◆ **Stored records**
===============

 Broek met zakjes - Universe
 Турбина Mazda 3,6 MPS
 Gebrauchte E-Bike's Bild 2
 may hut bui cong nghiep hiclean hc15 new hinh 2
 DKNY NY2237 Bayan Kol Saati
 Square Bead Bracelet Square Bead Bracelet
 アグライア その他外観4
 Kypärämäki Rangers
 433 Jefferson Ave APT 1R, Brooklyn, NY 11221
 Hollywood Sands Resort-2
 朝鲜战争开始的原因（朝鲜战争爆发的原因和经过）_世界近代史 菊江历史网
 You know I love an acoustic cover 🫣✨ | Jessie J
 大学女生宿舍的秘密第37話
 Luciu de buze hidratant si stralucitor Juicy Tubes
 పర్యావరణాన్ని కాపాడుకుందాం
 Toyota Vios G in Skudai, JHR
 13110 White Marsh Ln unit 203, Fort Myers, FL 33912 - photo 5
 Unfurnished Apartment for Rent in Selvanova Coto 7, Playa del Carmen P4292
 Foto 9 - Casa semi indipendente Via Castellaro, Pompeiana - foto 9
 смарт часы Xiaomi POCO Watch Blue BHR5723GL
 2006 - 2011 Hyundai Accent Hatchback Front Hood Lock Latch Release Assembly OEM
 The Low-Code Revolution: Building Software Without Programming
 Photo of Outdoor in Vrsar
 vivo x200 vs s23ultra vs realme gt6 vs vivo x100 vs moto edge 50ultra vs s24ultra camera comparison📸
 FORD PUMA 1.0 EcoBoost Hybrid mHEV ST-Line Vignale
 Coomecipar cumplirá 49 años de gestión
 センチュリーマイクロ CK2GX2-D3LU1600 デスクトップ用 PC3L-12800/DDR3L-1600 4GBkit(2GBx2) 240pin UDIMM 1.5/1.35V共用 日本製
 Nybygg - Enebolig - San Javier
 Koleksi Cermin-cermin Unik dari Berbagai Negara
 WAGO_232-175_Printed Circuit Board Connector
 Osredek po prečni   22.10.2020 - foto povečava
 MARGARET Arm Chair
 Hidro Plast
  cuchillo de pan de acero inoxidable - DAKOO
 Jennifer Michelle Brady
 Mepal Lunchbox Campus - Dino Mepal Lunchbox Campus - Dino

===============

◆ **Description of the task**
Starting at the line that contains "vivo x200 vs" and stopping after the line that contains "WAGO_232-175_Printed Circuit Board Connector", write out every line exactly as it appears above, and no other line.

◆ **Response to this exercise**
 vivo x200 vs s23ultra vs realme gt6 vs vivo x100 vs moto edge 50ultra vs s24ultra camera comparison📸
 FORD PUMA 1.0 EcoBoost Hybrid mHEV ST-Line Vignale
 Coomecipar cumplirá 49 años de gestión
 センチュリーマイクロ CK2GX2-D3LU1600 デスクトップ用 PC3L-12800/DDR3L-1600 4GBkit(2GBx2) 240pin UDIMM 1.5/1.35V共用 日本製
 Nybygg - Enebolig - San Javier
 Koleksi Cermin-cermin Unik dari Berbagai Negara
 WAGO_232-175_Printed Circuit Board Connector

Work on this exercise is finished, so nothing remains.